Empreintes, plutôt que blessures, car on ne voit pas en quoi un monde privé d’usines serait souhaitable sinon que toute la classe ouvrière — c’est-à-dire la majeure partie de notre pays — disparaisse avec elles.

Du port de montagne, la ville tient ses paysages et perspectives : surplombs vertigineux et points de vue sans cesse renouvelés, ville où on est sans cesse désorienté.

Villes des ponts, dont on confond les piles, les arcs et les tabliers, les ponts se mélangent, et avec les ponts les rivières, comment peut-on éviter de se perdre ici ?

Les ponts : veillons un instant sur eux. Ils sont donc nombreux pour une si petite ville, j’en compte plus de douze sur la commune (passerelles comprises) et près de dix sur le seul centre historique !

À pied, à cheval ou en voiture, combien de fois me suis-je cru sur un pont quand j’étais sur un autre ? Un moment d’égarement de distraction et tout le quartier change ! J’ai par exemple souvent confondu le Pont de Pierre et le Pont du Gai Rivage, je sais qu’il n’y a pas de raison valable, mais quelle surprise en pensant découvrir la place Voltaire d’arriver au Faubourg !

Et puis il y a le Pont Central (ou Pont Payant, car construit puis géré par une société privée, et donc à péage jusqu’en 1961), d’une hauteur de 35 mètres et d’une longueur de 90.

Et puis il y la Grand Pont, fleuron architectural remontant à 1939, remplaçant le Pont suspendu du XIXe siècle, d’une hauteur de 50 mètres et d’une longueur de 150.

Ces tailles vertigineuses sont à la mesure des décrochements propres à la ville. Les vallées où se construit Saint-Claude sont en effet profondes de 400 mètres.
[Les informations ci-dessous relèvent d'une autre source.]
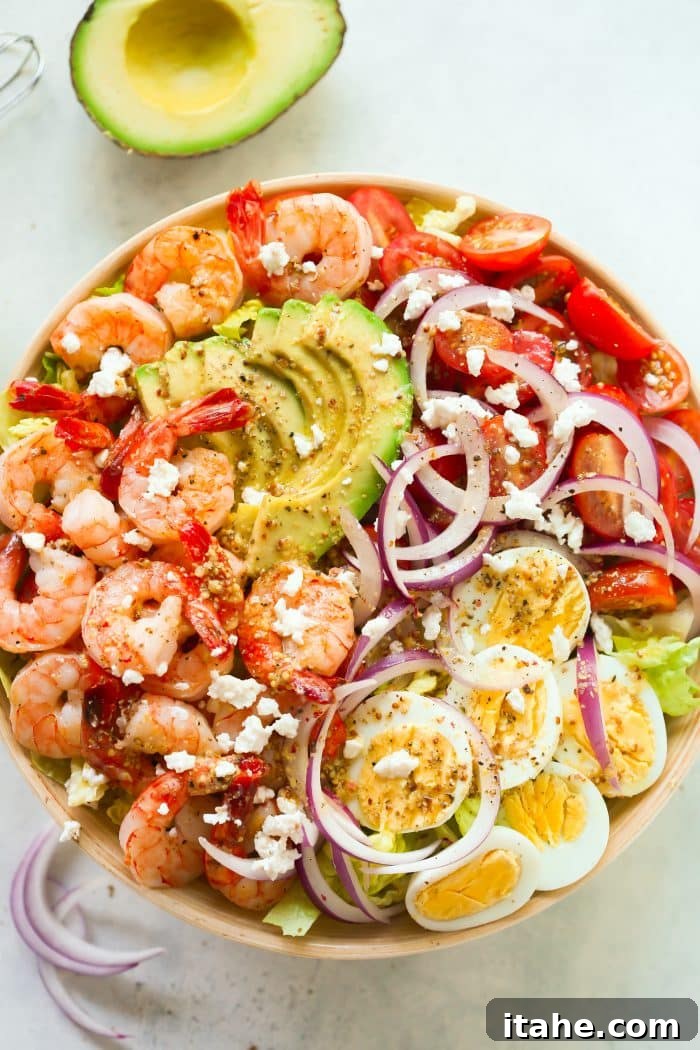 An overhead view of a colorful shrimp salad in a wooden bowl, featuring avocado, tomatoes, and hard-boiled eggs.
Et c’est là un autre sentiment d’appartenance, une autre habitude à domestiquer : ce “dislivello”, ou rupture de pente, qui amène, comme dans la ville dont j’ai proposé une carte sensible, Gênes en Italie, des prouesses d’architectes.

Aussi parfois, dans le petit soleil du printemps, sous les barres rocheuses de la Drôme, je me promenais dans les vallées des quartiers reculés de Gênes. J’étais donc chez moi. La nature [cf. texte Silva] s’associait à la société [cf. texte Polis], formant un… pont, entre mon lieu de naissance et mon lieu d’habitat, le Jura et Condat, confluence à égale distance entre Dieulefit et Genova ? Presque.
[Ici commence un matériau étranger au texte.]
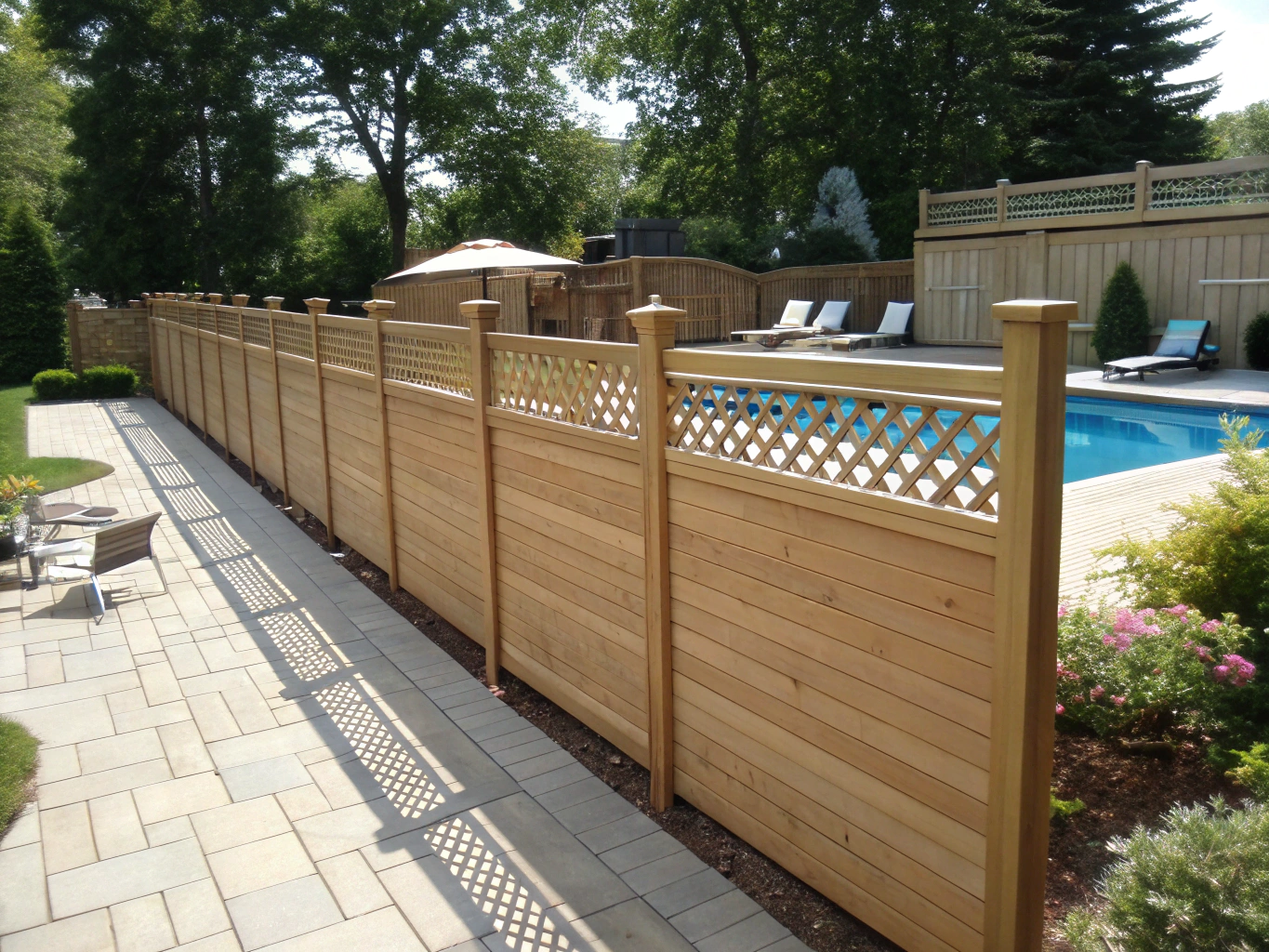 Horizontal hardwood slatted privacy screen in modern courtyard setting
Ou mieux : oui. Parce que dès qu’il s’agit d’affronter le réel, de manière sincèrement critique, comme le prétend la littérature, alors la science, la logique, le réel, tous cèdent le pas.

Notre monde passe par nos yeux, notre cerveau et notre corps. Le “réel” objectif n’est pas : il est le fruit de la combinaison : 1. de notre mémoire ; 2. de notre savoir ; 3. de notre désir. Dit autrement, nous avons trois manière d’accéder au monde : parce qu’on le sent, parce qu’on l’aime, parce qu’on le décrit. Ou : l’expérience (animale) ; la connaissance ; le sentiment. J’ai beau retourner le problème dans tous les sens, je ne vois pas d’autre moyen d’apprécier le monde environnant ; alors habiter, ce serait trouver l’équilibre juste, sans doute différent pour chacun, entre les doses de l’un de ces trois gestes.

Et ce serait, habiter, découvrir le monde à mesure qu’il apparaît, c’est-à-dire évoluer ; c’est-à-dire laisser le monde faire son œuvre comme on écoute une musique improvisée. Par exemple, les auditeurs en direct du Köln Concert de Keith Jarrett : ils font exactement cette expérience bergsonienne.

J’arrivais dans le Jura, dans le Haut-Jura dans ces prédispositions. Je me plaçais dans l’attitude de qui va au concert, met un disque ou chante une chanson.

En somme je me plaçais à la confluence : libre de retenir l’eau que je veux — quoique soumis au flux qu’on ne peut arrêter (le temps…).

D’ailleurs j’ai parlé de deux rivières, et j’imaginais une forme urbaine particulière, en Y… en réalité je ferais mieux de parler de trois rivières (ou quatre finalement, si on compte deux fois la Bienne, le Y devient un X), puisqu’il ne faut pas oublier l’Abîme, un peu en amont du centre, mais qui possède aussi ses ponts et ses secrets.

Voilà, c’est cela la confluence : se mettre à disposition, écouter le chant des rivières, là où elles se rencontrent et se mélangent. Telle est la ville. Tel est l’enregistrement que je cherchais à en faire.